### Action item
Exact repetition of a range: find the line containing "So sánh đường" and the line containing "10 Warning Signs" in the material below, then repeat both and all lines between them, leaving pictures out.

(Records for the exercise)

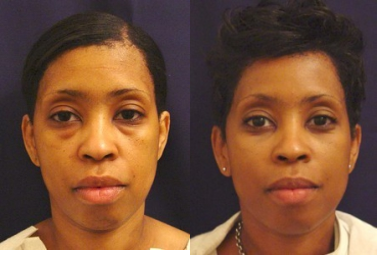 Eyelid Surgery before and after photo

(End Records for the exercise)
(Records for the exercise)

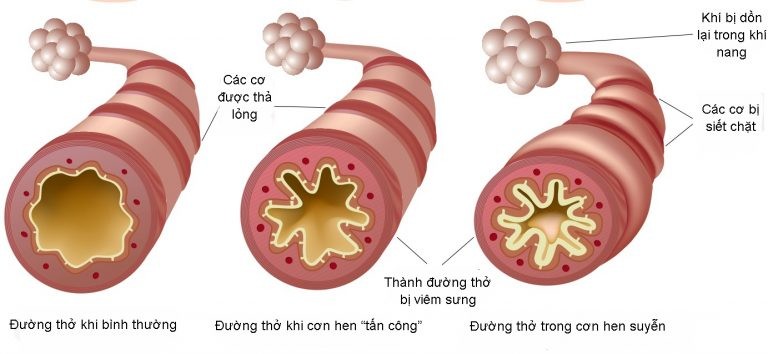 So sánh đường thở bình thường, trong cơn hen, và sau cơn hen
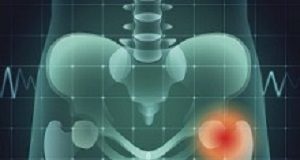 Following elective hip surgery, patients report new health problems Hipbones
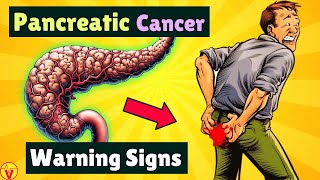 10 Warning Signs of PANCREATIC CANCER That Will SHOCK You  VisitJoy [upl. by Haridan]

(End Records for the exercise)

### Response to this task
 So sánh đường thở bình thường, trong cơn hen, và sau cơn hen
 Following elective hip surgery, patients report new health problems Hipbones
 10 Warning Signs of PANCREATIC CANCER That Will SHOCK You  VisitJoy [upl. by Haridan]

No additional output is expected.